--- START ---
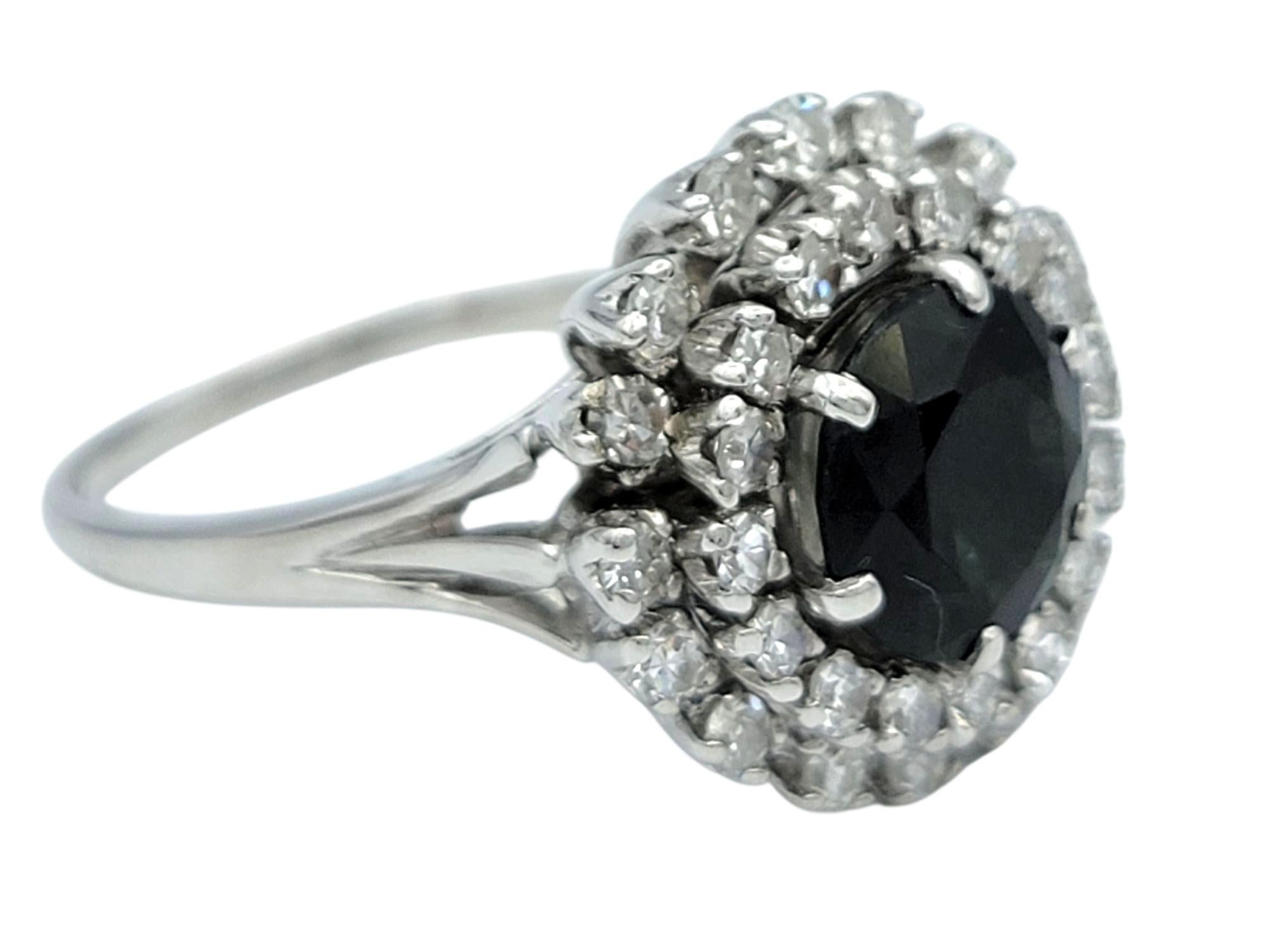 Vintage Dark Green Sapphire with Double Diamond Halo Ring in 14 Karat White Gold In Good Condition For Sale In Scottsdale, AZ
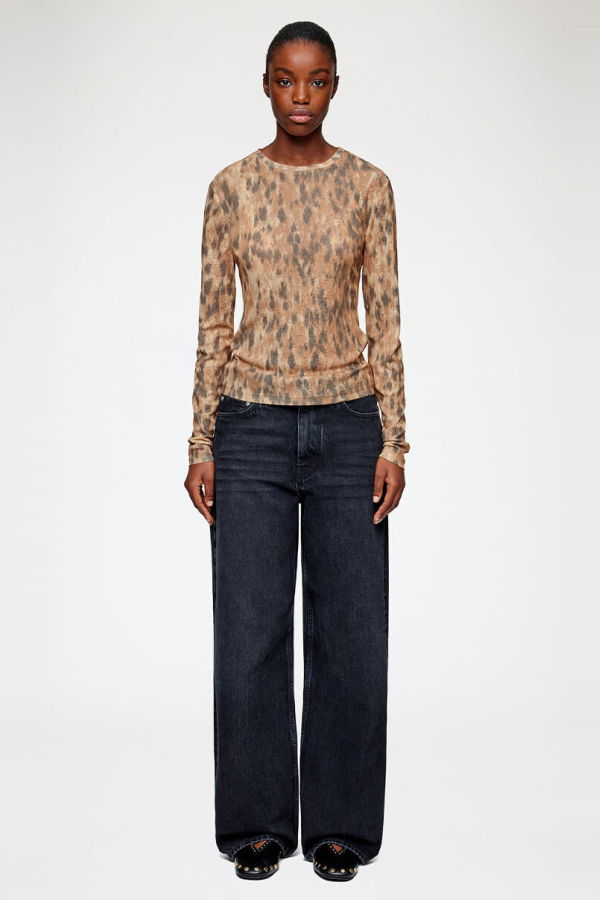 Ganni Printed Marl Mesh Long-Sleeve Top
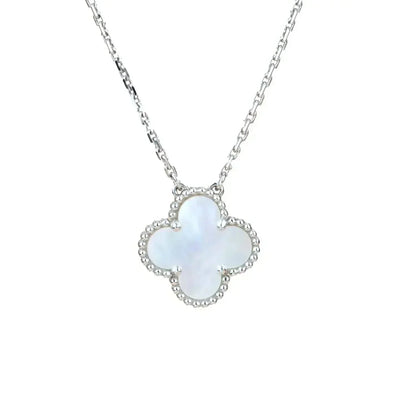 [⭐Seralia]CLOVER  15MM WHITE MOTHER-OF-PEARL SILVER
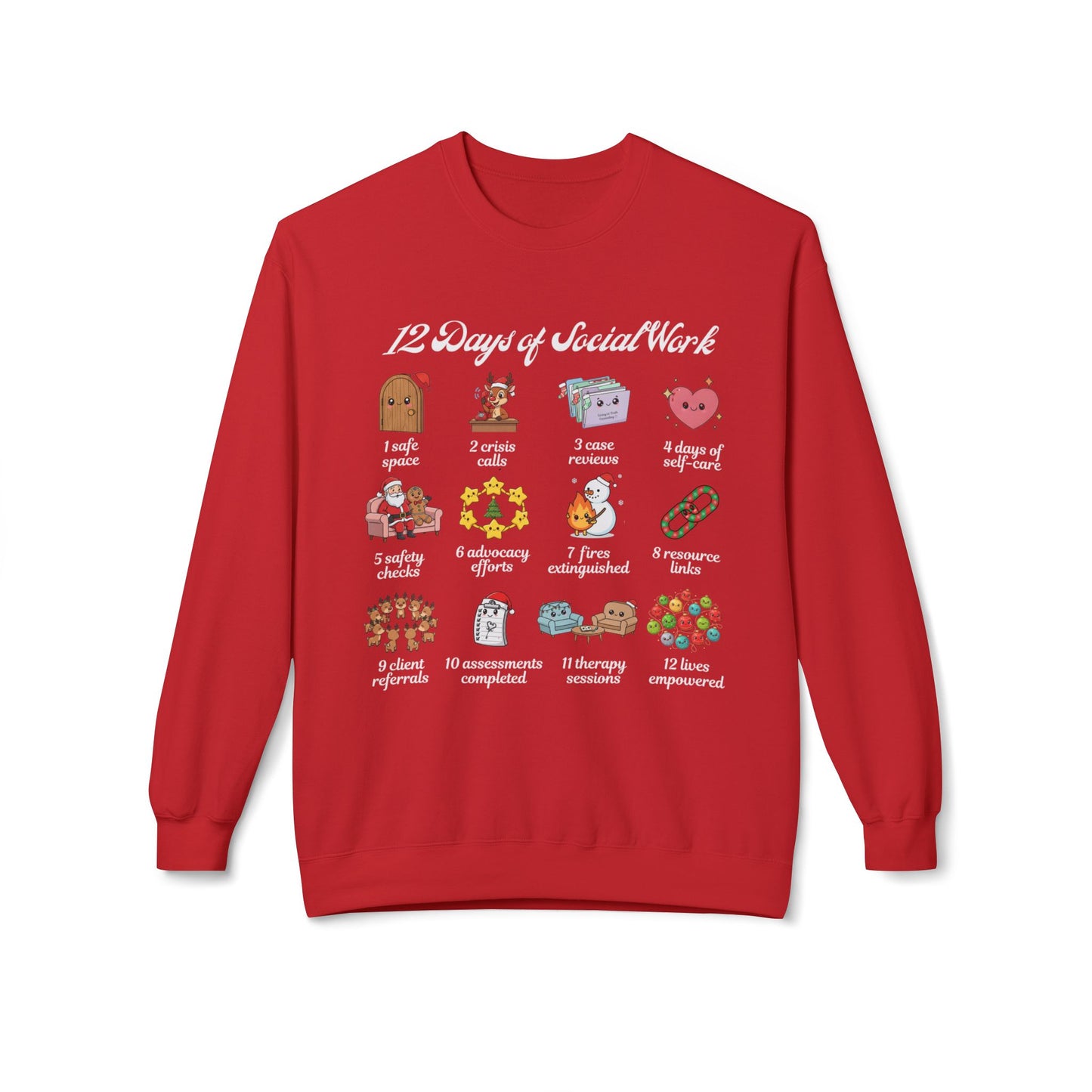 12 Days of Social Work Christmas Crewneck | Social Worker Sweatshirt | Therapist Counselor Gift | Mental Health Holiday Sweater | Cute Cartoon Icons | Social Work Appreciation Jumper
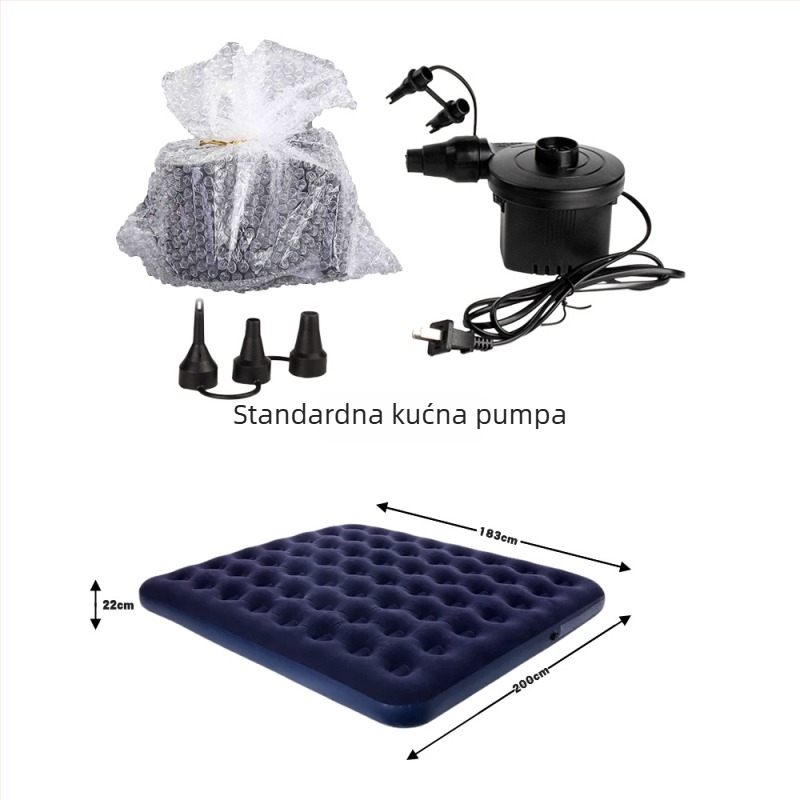 Naduvani krevet za kampiranje s flokiranom površinom, prijenosno, otporno na vlagu (Težina: približno 1.85–2.7 kg; Nosivost: 250 kg; Materijal: PVC; Površina: flokirana)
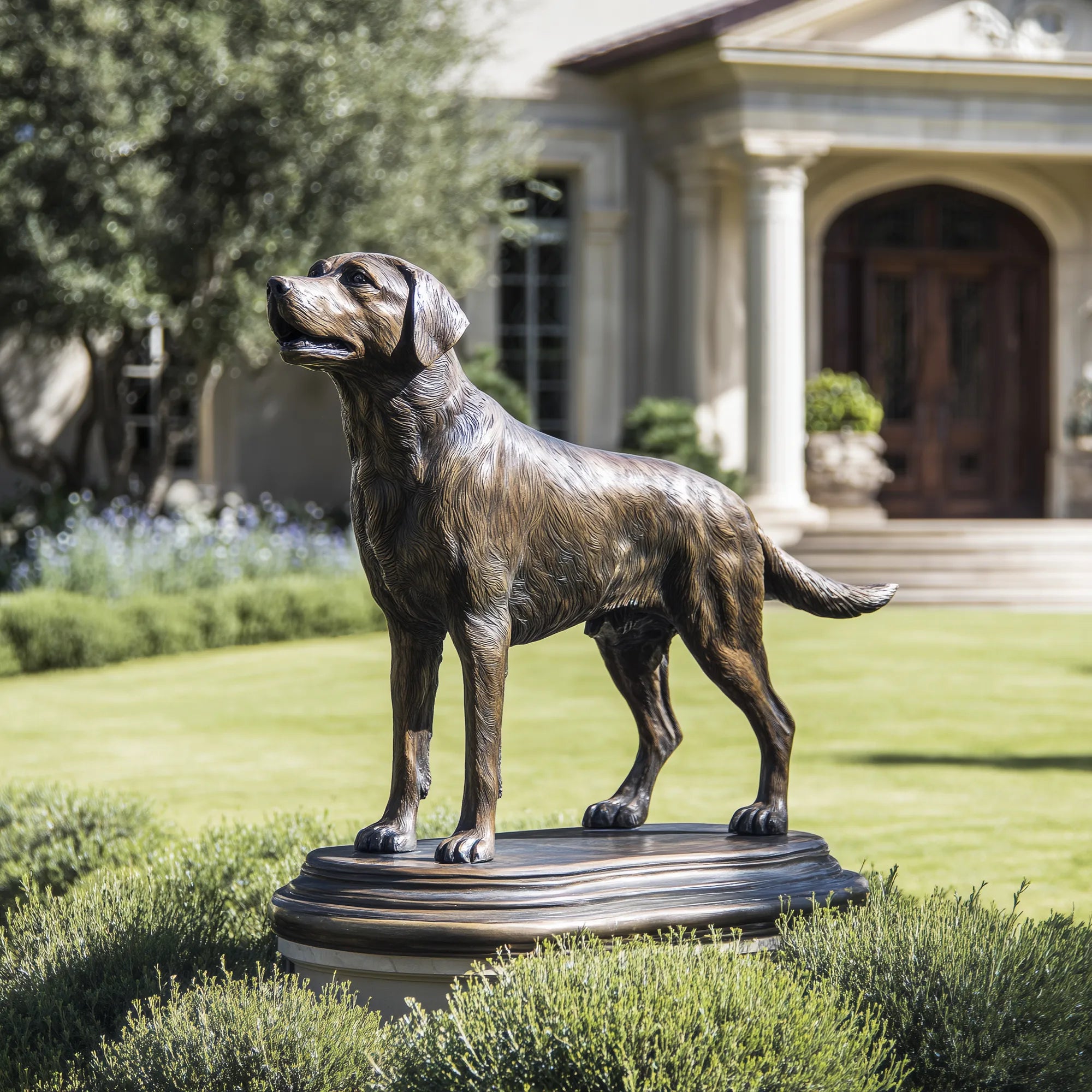 Bronze small dog sculpture with detailed fur texture and attentive expression in a garden.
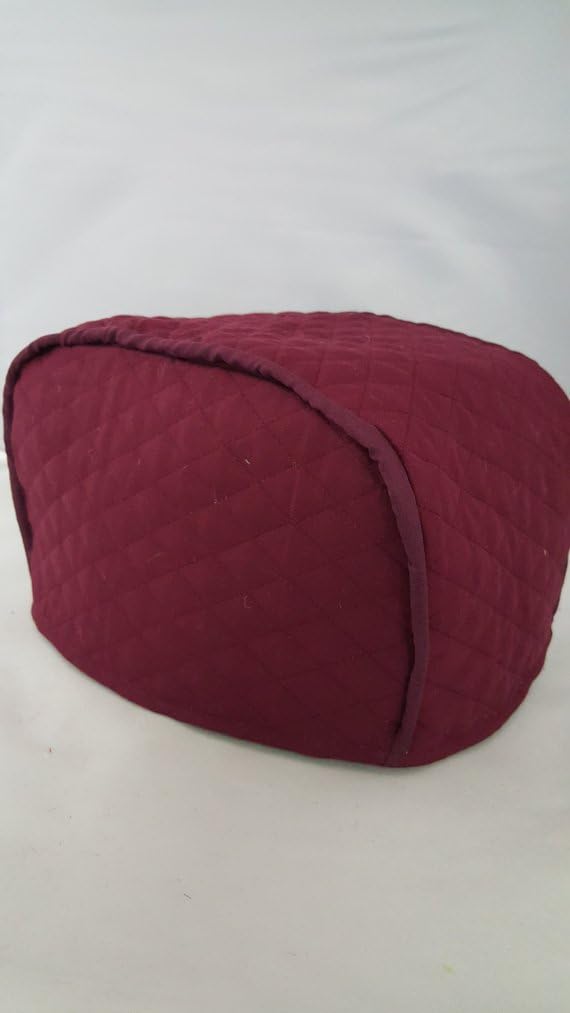 2 Slice Toaster Cover (11"x6.5"x7.5") / Quilted Double Faced Cotton, Burgundy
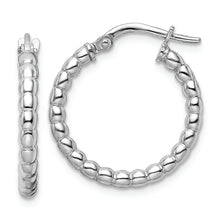 Load image into Gallery viewer, Sterling Silver Rhodium-plated Polished 2.25mm Beaded Hoop Earrings
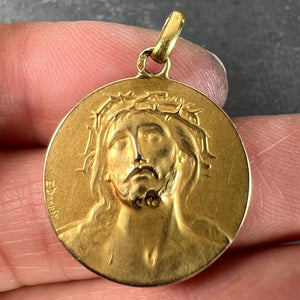 French Dropsy Jesus Christ Crown of Thorns 18K Yellow Gold Medal Pendant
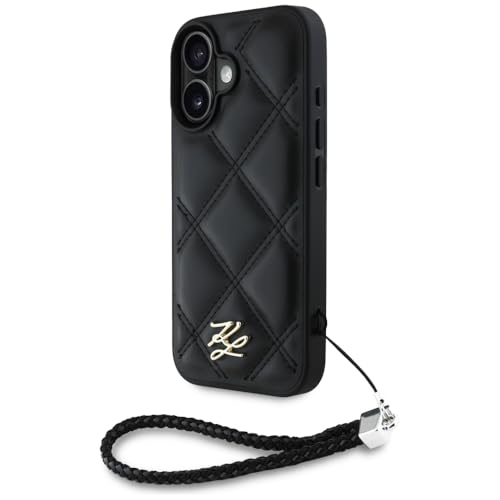 Coque iPhone 16 Karl Lagerfeld noire matelassée avec logo initial et chaîne élégante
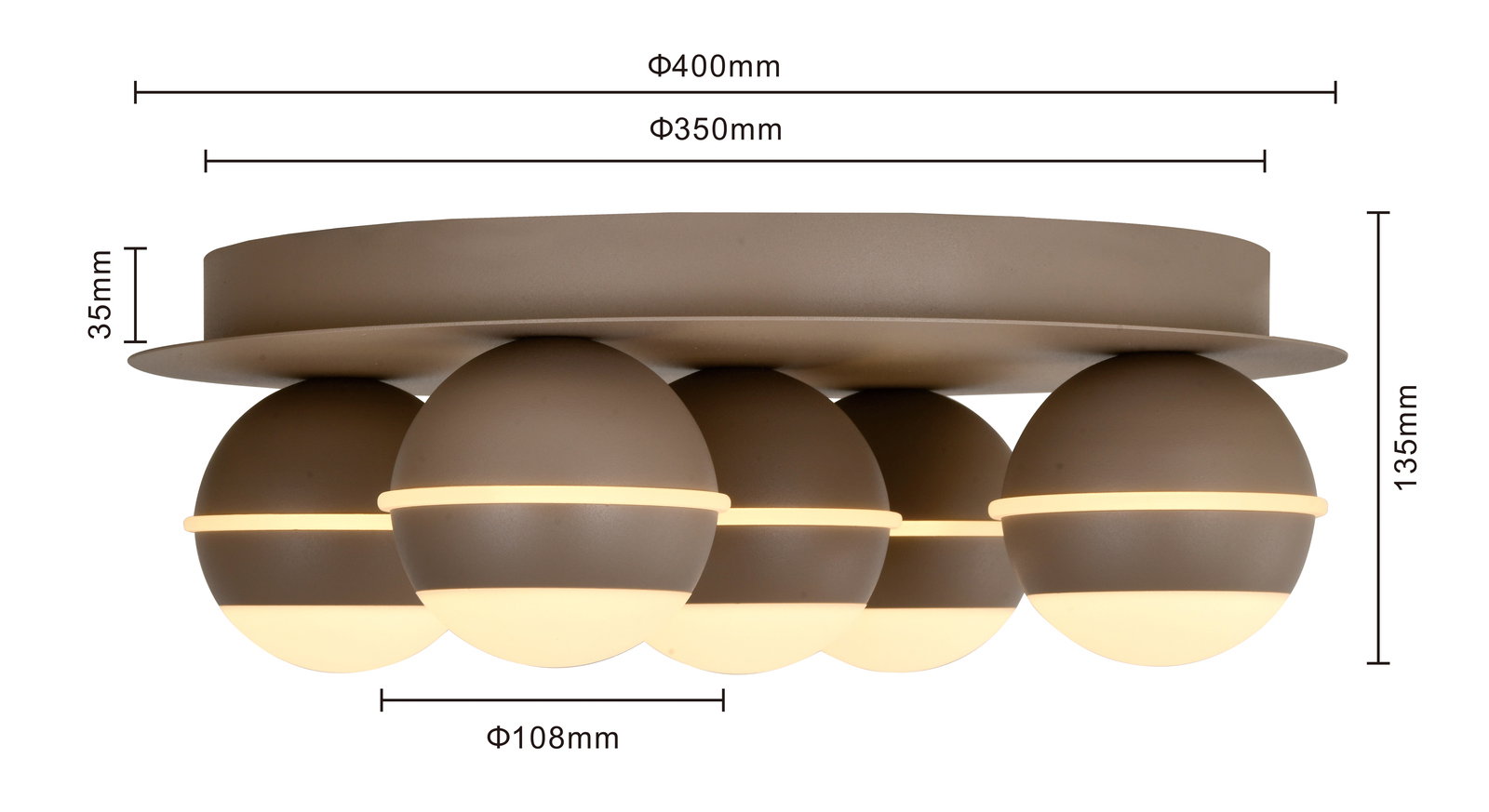 LED-Deckenleuchte mit fünf kugelförmigen Leuchtelementen, seitliche Perspektive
--- END ---
WHAT YOU WILL DO
Wherever an image appears in the data, omit it and repeat everything else exactly.

RESULT FOR THIS EXERCISE
 Vintage Dark Green Sapphire with Double Diamond Halo Ring in 14 Karat White Gold In Good Condition For Sale In Scottsdale, AZ
 Ganni Printed Marl Mesh Long-Sleeve Top
 [⭐Seralia]CLOVER  15MM WHITE MOTHER-OF-PEARL SILVER
 12 Days of Social Work Christmas Crewneck | Social Worker Sweatshirt | Therapist Counselor Gift | Mental Health Holiday Sweater | Cute Cartoon Icons | Social Work Appreciation Jumper
 Naduvani krevet za kampiranje s flokiranom površinom, prijenosno, otporno na vlagu (Težina: približno 1.85–2.7 kg; Nosivost: 250 kg; Materijal: PVC; Površina: flokirana)
 Bronze small dog sculpture with detailed fur texture and attentive expression in a garden.
 2 Slice Toaster Cover (11"x6.5"x7.5") / Quilted Double Faced Cotton, Burgundy
 Load image into Gallery viewer, Sterling Silver Rhodium-plated Polished 2.25mm Beaded Hoop Earrings
 French Dropsy Jesus Christ Crown of Thorns 18K Yellow Gold Medal Pendant
 Coque iPhone 16 Karl Lagerfeld noire matelassée avec logo initial et chaîne élégante
 LED-Deckenleuchte mit fünf kugelförmigen Leuchtelementen, seitliche Perspektive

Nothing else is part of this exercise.